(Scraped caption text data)
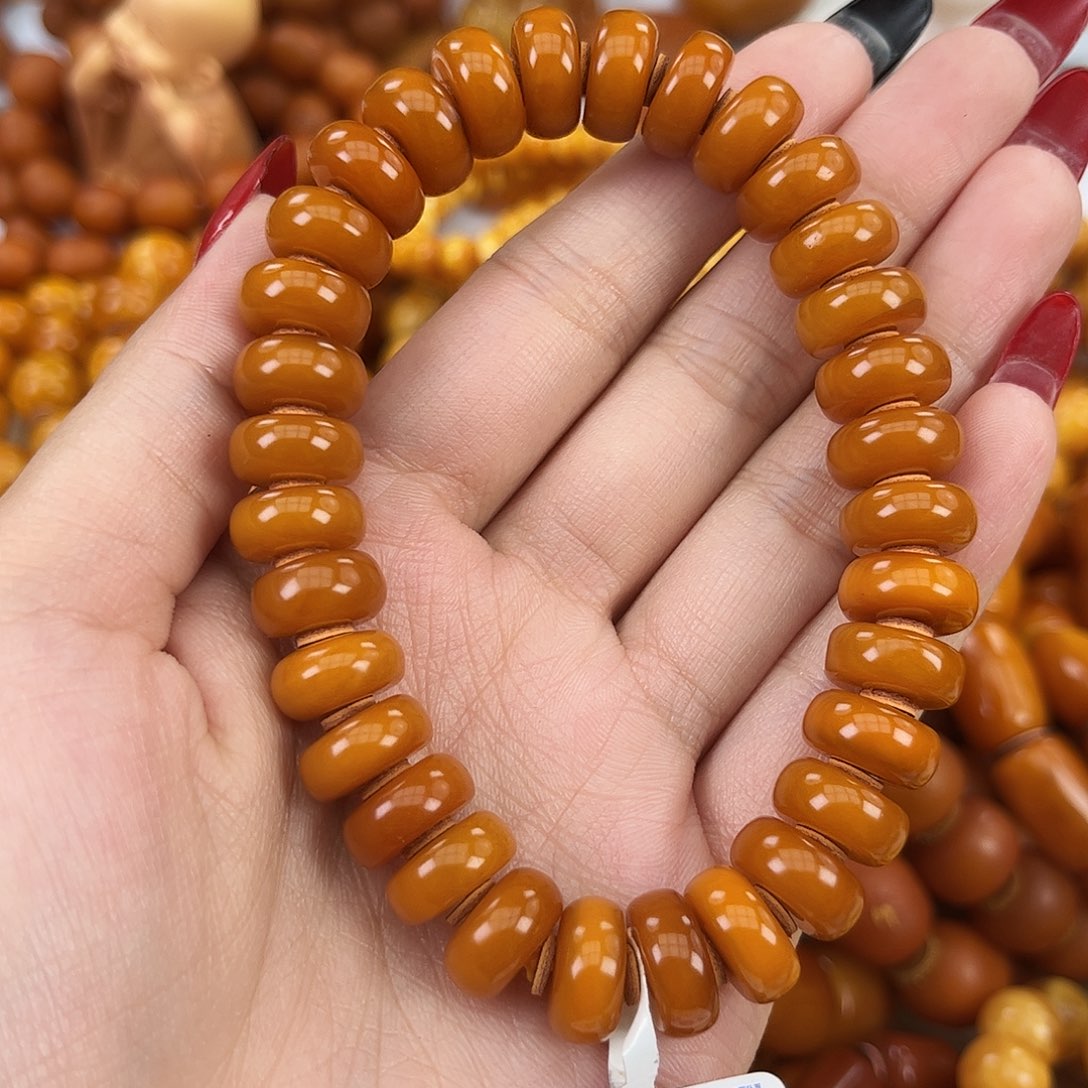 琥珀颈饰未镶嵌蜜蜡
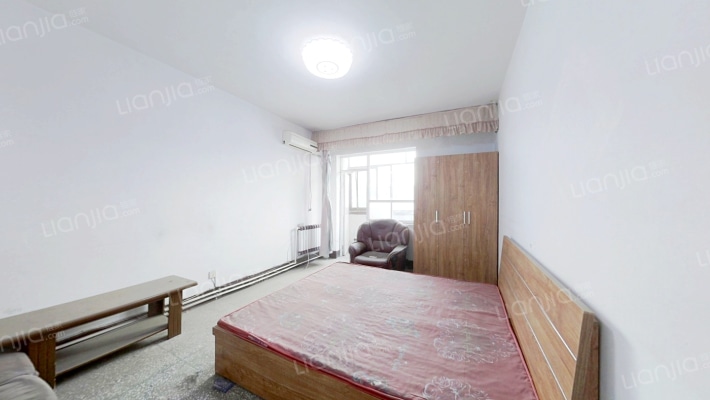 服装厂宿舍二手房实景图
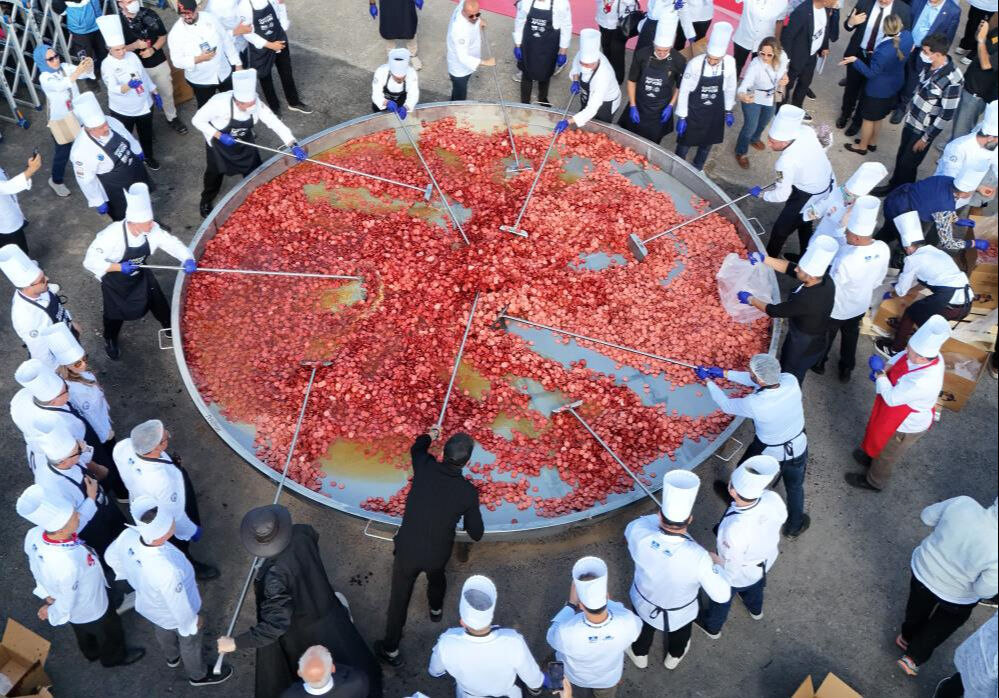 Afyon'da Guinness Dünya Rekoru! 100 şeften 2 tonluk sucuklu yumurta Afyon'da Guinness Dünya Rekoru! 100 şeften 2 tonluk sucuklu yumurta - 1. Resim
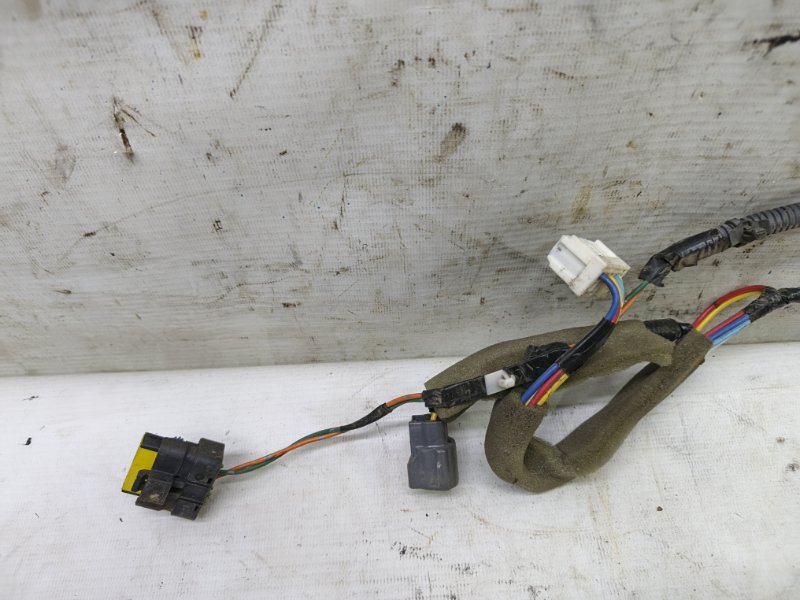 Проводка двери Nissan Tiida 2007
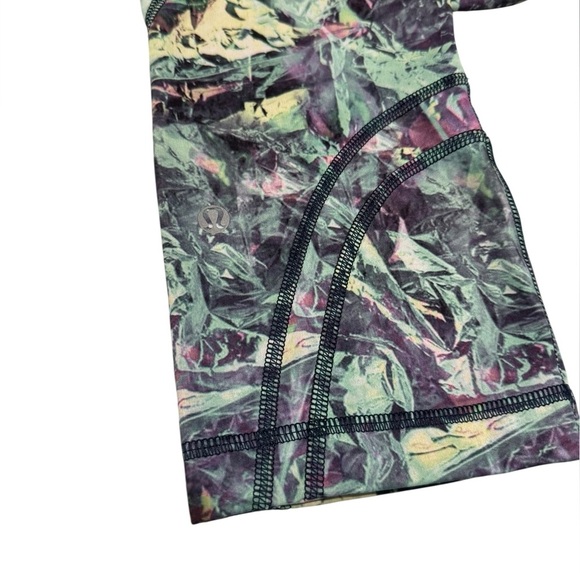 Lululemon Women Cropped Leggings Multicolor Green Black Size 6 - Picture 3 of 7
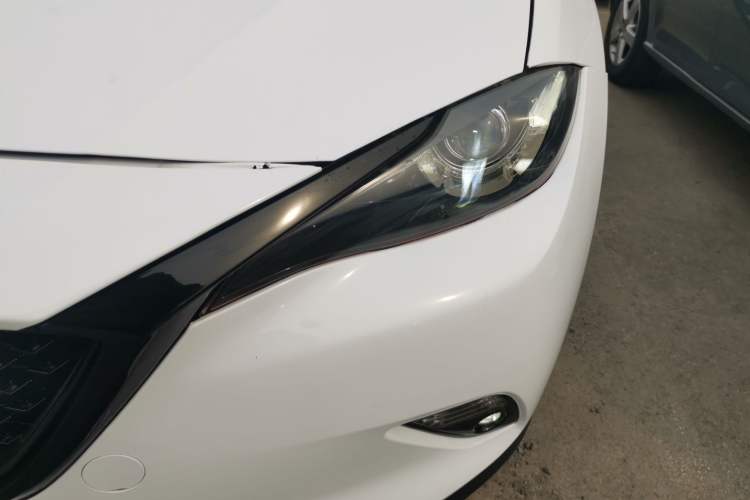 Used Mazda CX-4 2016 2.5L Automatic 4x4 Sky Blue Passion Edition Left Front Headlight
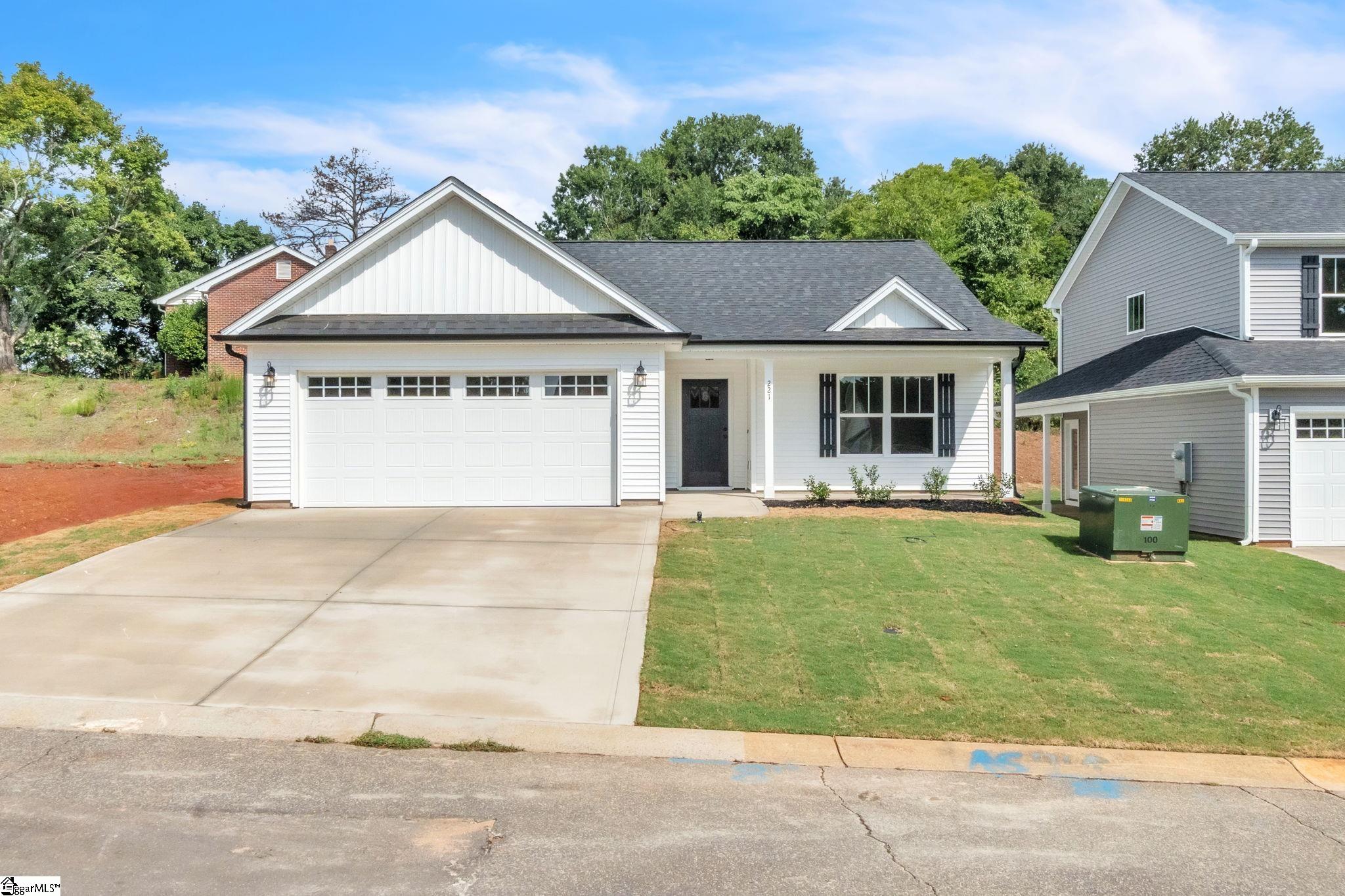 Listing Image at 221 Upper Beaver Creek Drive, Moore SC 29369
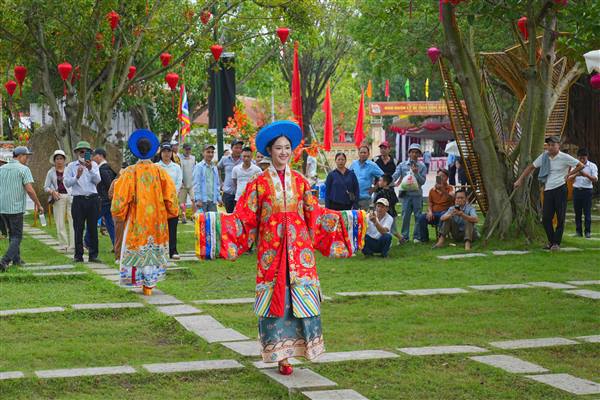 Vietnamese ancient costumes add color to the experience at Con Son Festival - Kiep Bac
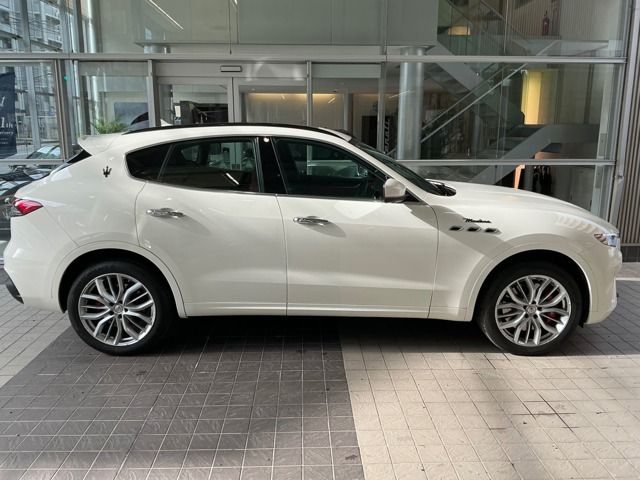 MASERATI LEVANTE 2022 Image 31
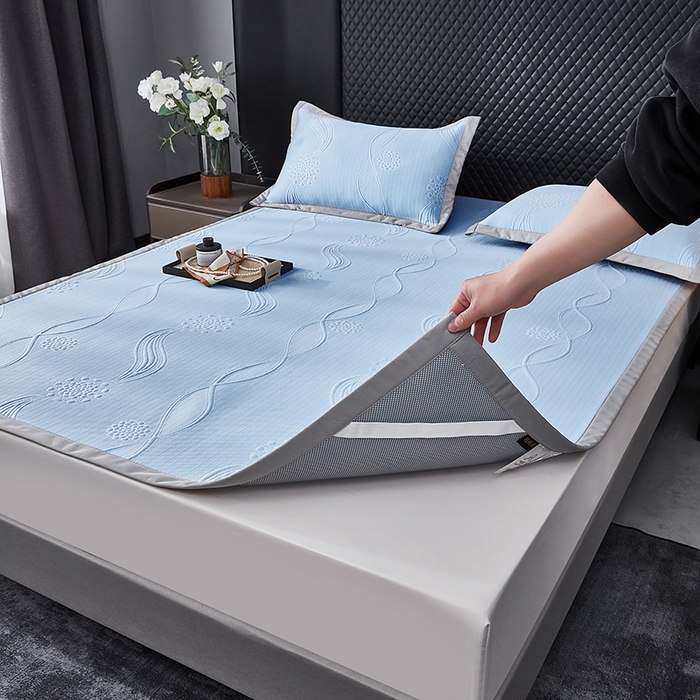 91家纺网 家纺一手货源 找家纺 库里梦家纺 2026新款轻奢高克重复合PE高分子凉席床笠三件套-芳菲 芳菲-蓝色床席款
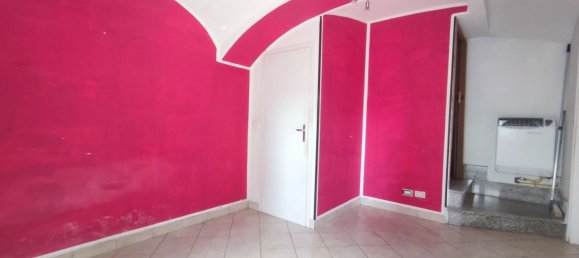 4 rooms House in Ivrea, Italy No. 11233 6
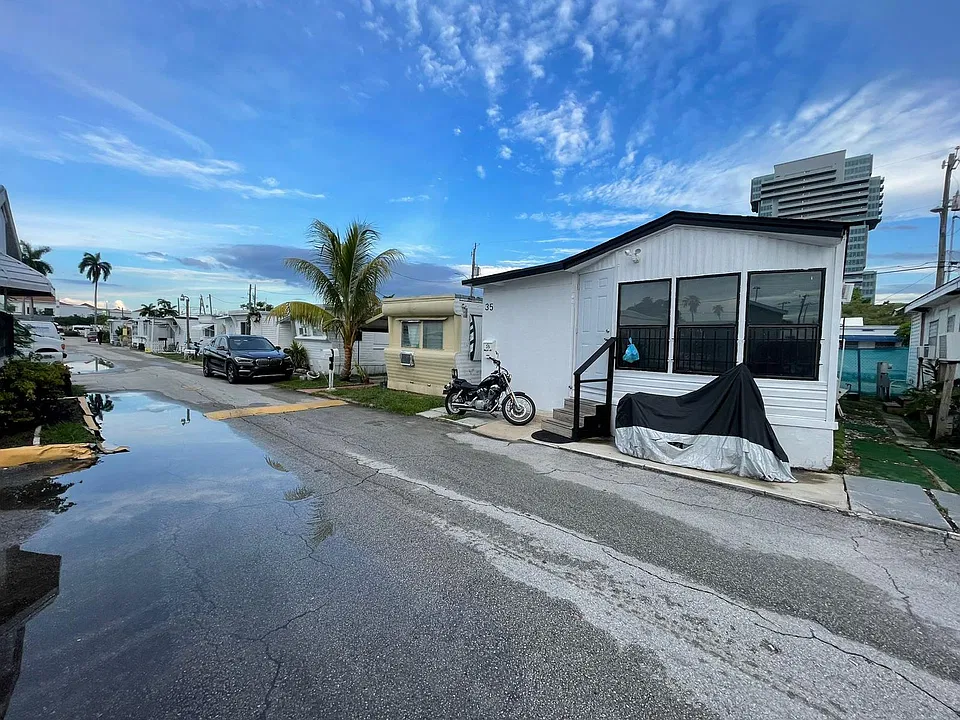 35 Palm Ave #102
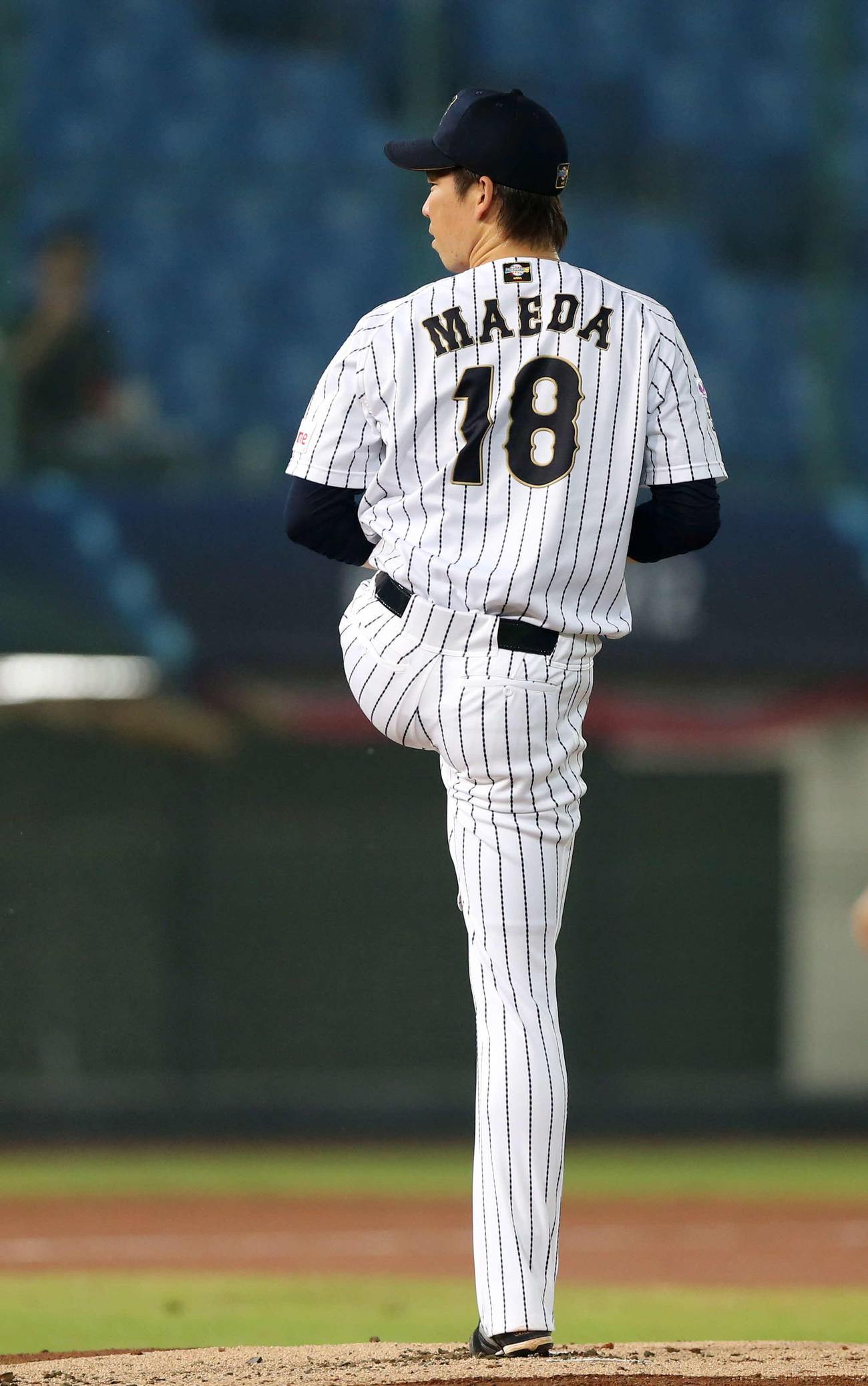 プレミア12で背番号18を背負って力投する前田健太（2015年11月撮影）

### ASSIGNMENT
In the copy, include no pictures; otherwise transcribe the entries exactly.

### COMPLETED TASK
 琥珀颈饰未镶嵌蜜蜡
 服装厂宿舍二手房实景图
 Afyon'da Guinness Dünya Rekoru! 100 şeften 2 tonluk sucuklu yumurta Afyon'da Guinness Dünya Rekoru! 100 şeften 2 tonluk sucuklu yumurta - 1. Resim
 Проводка двери Nissan Tiida 2007
 Lululemon Women Cropped Leggings Multicolor Green Black Size 6 - Picture 3 of 7
 Used Mazda CX-4 2016 2.5L Automatic 4x4 Sky Blue Passion Edition Left Front Headlight
 Listing Image at 221 Upper Beaver Creek Drive, Moore SC 29369
 Vietnamese ancient costumes add color to the experience at Con Son Festival - Kiep Bac
 MASERATI LEVANTE 2022 Image 31
 91家纺网 家纺一手货源 找家纺 库里梦家纺 2026新款轻奢高克重复合PE高分子凉席床笠三件套-芳菲 芳菲-蓝色床席款
 4 rooms House in Ivrea, Italy No. 11233 6
 35 Palm Ave #102
 プレミア12で背番号18を背負って力投する前田健太（2015年11月撮影）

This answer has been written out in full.